- **Data section**
+++

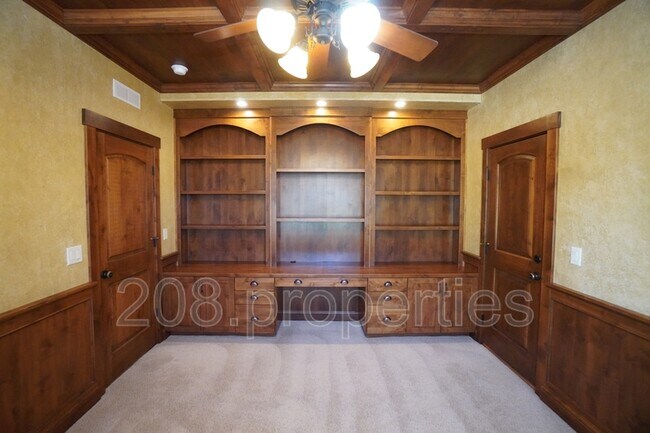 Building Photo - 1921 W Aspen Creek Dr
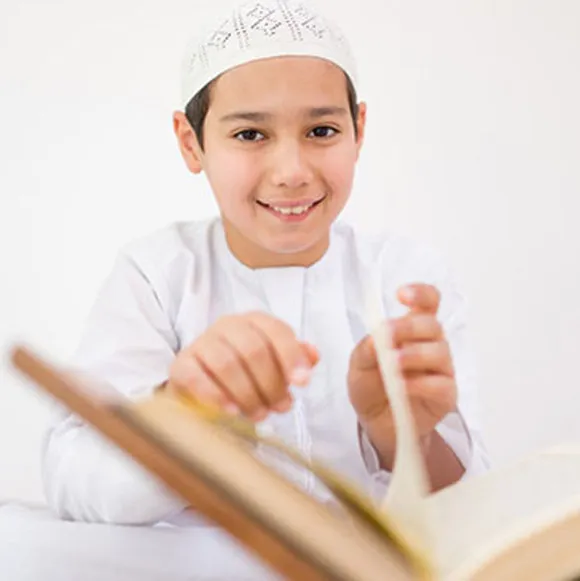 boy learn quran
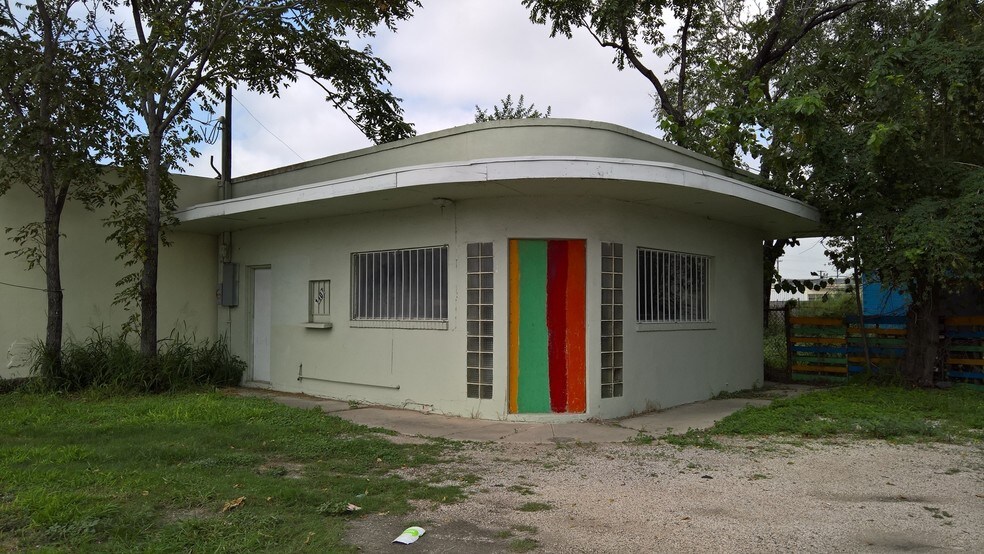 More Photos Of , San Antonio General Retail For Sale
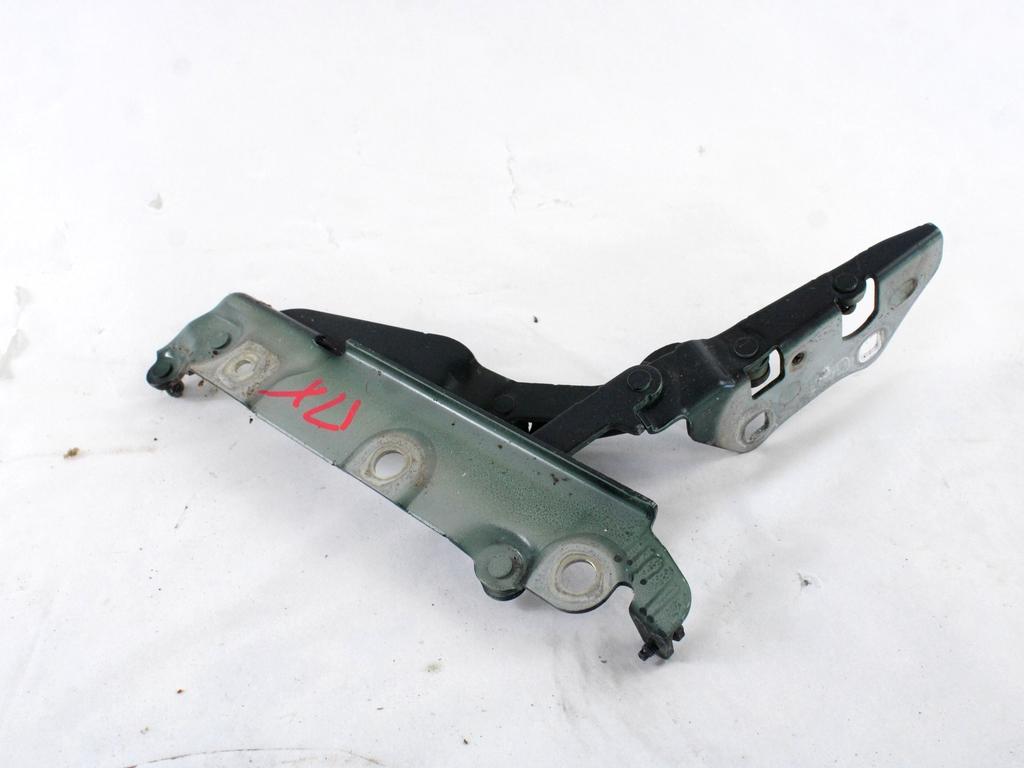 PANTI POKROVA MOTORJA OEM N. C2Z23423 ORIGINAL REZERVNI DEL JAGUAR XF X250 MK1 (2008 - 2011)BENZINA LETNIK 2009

+++

- **Task statement**
Reproduce, unchanged, each line between the one with "More Photos Of" and the last line of the material, both included; the pictures do not go in.

- **Expected answer**
 More Photos Of , San Antonio General Retail For Sale
 PANTI POKROVA MOTORJA OEM N. C2Z23423 ORIGINAL REZERVNI DEL JAGUAR XF X250 MK1 (2008 - 2011)BENZINA LETNIK 2009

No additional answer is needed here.